A great deal of research from biochemistry, genetics, and neurobiology has pointed to the likelihood that a small fragment of the beta-amyloid precursor protein (a specific form of the so-called A-beta fragment) is pathogenic in Alzheimer’s disease. Much important biochemistry led to the identification of this fragment, but the major breakthroughs arguably came from genetics. While the common varieties of Alzheimer’s disease appear to be genetically complex—that is, resulting from multiple genes (including the ApoE locus) and nongenetic factors—a small percentage of familial Alzheimer’s disease of early onset results from Mendelian transmission; that is, the dominant inheritance of a single locus is sufficient to produce illness. Genetic linkage studies in early-onset families identified multiple mutations in three different genes, the beta-amyloid precursor itself and genes encoding the previously unknown proteins presenilin 1 (PS-1) and presenilin 2 (PS-2).

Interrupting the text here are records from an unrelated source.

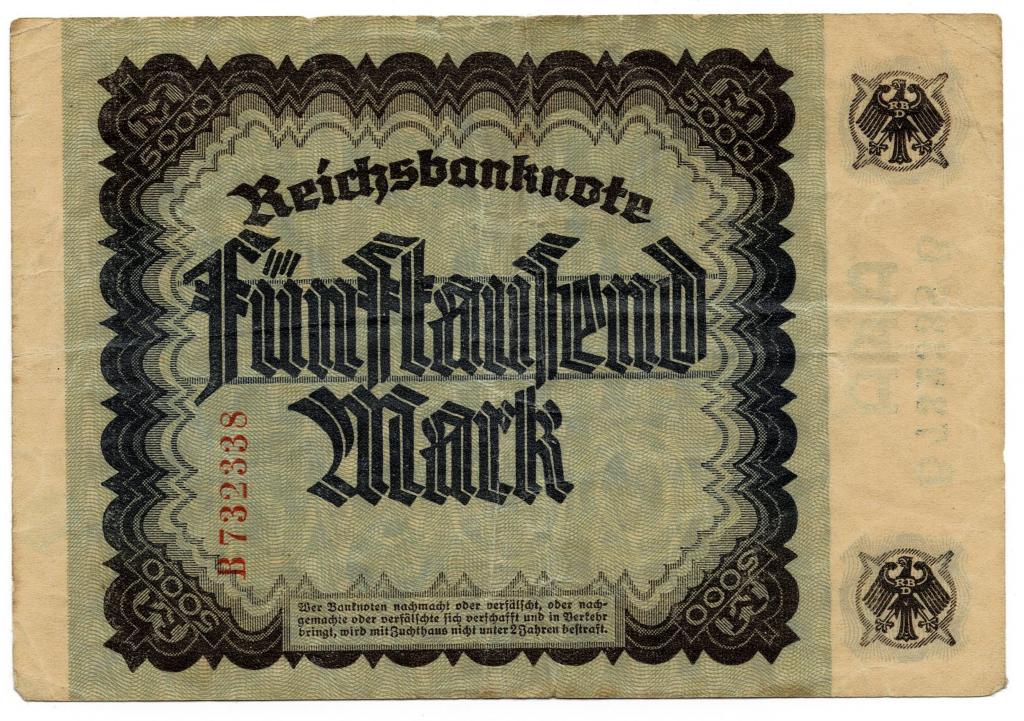5000 марок 1922 - Германия Веймарг. РЕДКАЯ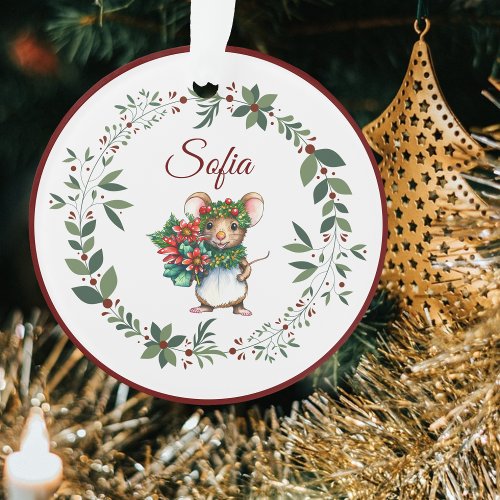 Name Burgundy Sweet Mouse Christmas Tree  Ornament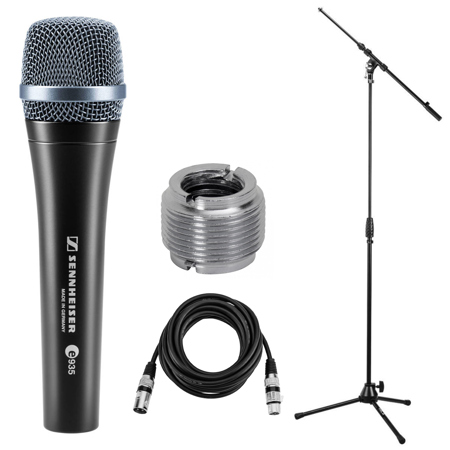 Sennheiser e 935 Wired Professional Cardioid Dynamic Handheld Vocal Microphone with Clip - Bundle With Samson MK10 Lightweight Boom Mic Stand, 20' Heavy Duty 7mm Rubber XLR Microphone Cable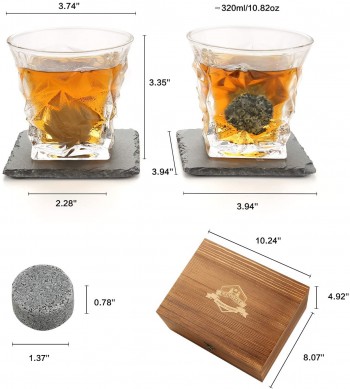 Whiskey Glass Set Granite Chilling Whiskey Rocks Scotch Bourbon Whiskey Glass Gift Box Set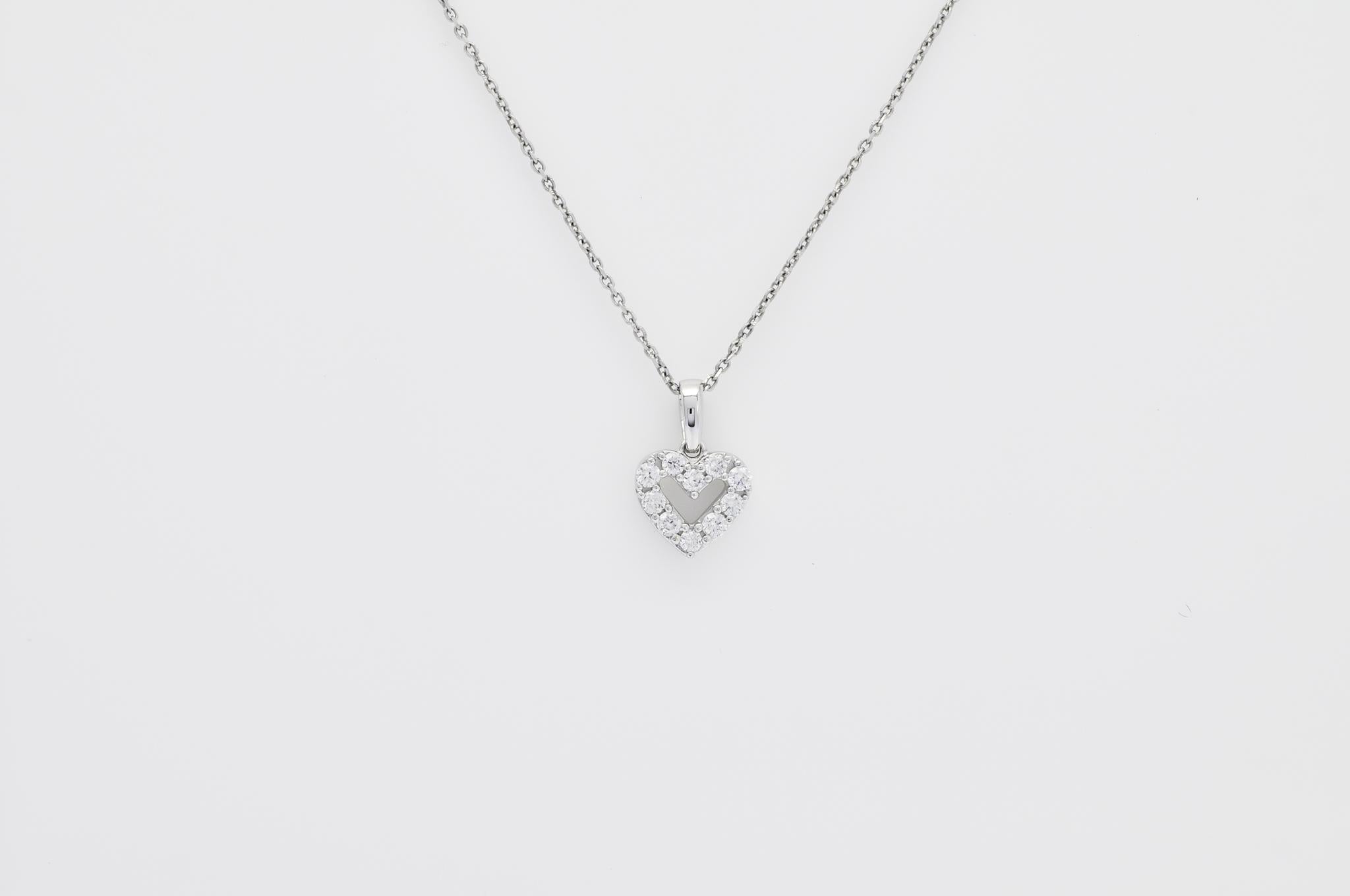 Pendentif cœur en or jaune 18 carats avec diamants naturels de 0,23 carat en vente 4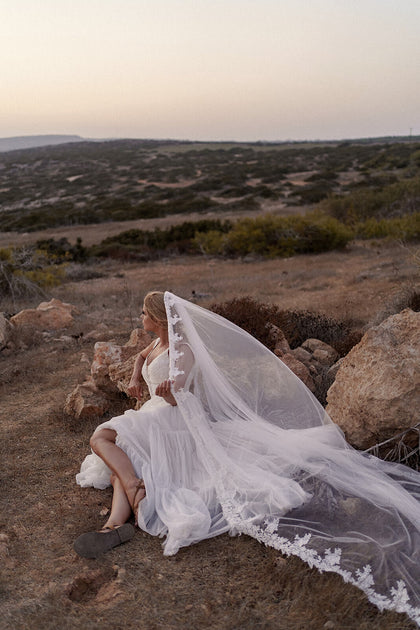 Cathedral veil with lace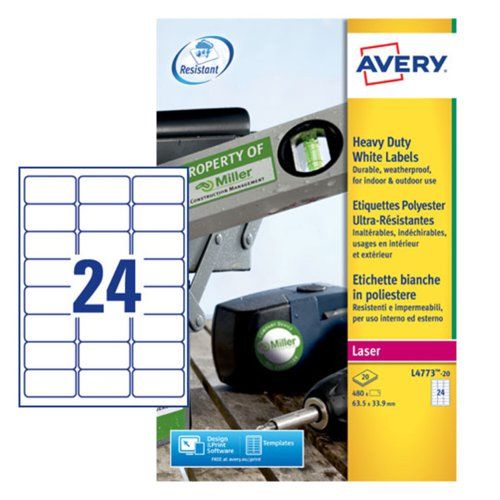 Avery White Adhesive High Visibility Label Sheet, Pack of 20 Per Pack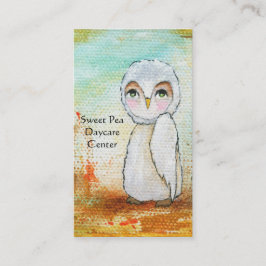 Tarjeta De Visita Búho blanco del arbolado caprichoso que pinta arte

To summarize a long and interesting story, it appears that the beta-amyloid precursor protein can be cleaved in three positions to produce different fragments that are then released into the extracellular space, where under normal circumstances they may be involved in cellular growth and maintenance. However, the A-beta fragment has a tendency to precipitate out and form pathogenic amyloid deposits. Each cleavage site involves a different protease; since the fragments are ultimately secreted, these protein-cleaving enzymes are referred to as the alpha, beta, and gamma secretases. If the beta-amyloid precursor is cleaved by the alpha secretase, the resulting fragment is not pathogenic. It is the action of the beta and gamma secretases that together release the A-beta fragment that may lead to amyloid deposition. The little-understood gamma secretase recently has been thought perhaps to be presenilin 1 or else closely associated with it. The mutations that produce early-onset familial Alzheimer’s disease bias these processes toward the production of pathogenic A-beta fragments. It now appears likely that other genetic variants that have been implicated in late-onset Alzheimer’s disease, such as ApoE4 and certain alpha2-macroglobulin alleles, may impact the metabolism of beta-amyloid and its cleavage products as well. This information has led to a massive race among pharmaceutical companies to produce inhibitors of the beta and gamma secretases.

Although this beta-amyloid story is not yet proven with certainty, these two secretase molecules have become important drug targets, the inhibition of which would interrupt the pathogenesis of Alzheimer’s disease. Should the story prove to be correct, and should safe and effective inhibitors be found, we would have truly incredible new weapons to alter the course or even prevent Alzheimer’s disease.

NIMH has been one source of support for the genetics of Alzheimer’s disease, and we are proud of our contributions. We invest on a considerably larger scale in research on the genetics of schizophrenia, autism, manic-depressive illness, and early-onset depression. These are disorders in which, in aggregate, genes have a pronounced role in pathogenesis. If there are families in which these disorders are caused by single genes, we have yet to isolate them. More likely, the genetics of these disorders will be much more complex than those that characterize the early-onset Alzheimer families and that led to the breakthroughs outlined above. Nonetheless, by finding vulnerability genes we hope to be pointed toward actual pathogenic pathways into which we can intervene directly. Also, by determining when in brain development these genes are active, we will be better able to time our interventions.

The scientific challenges promise to be long and hard. They will require not only genetics research, but, as we investigate the actions of genes, they also will require the work of many neuroscientists and behavioral scientists, often, perhaps, addressing questions that may appear to be far removed from the treatment of mental disorders. But through such efforts, coupled with translational studies and sophisticated clinical insights, valid drug targets related to pathogenesis will be discovered and will have an immense impact on the treatment of mental illness.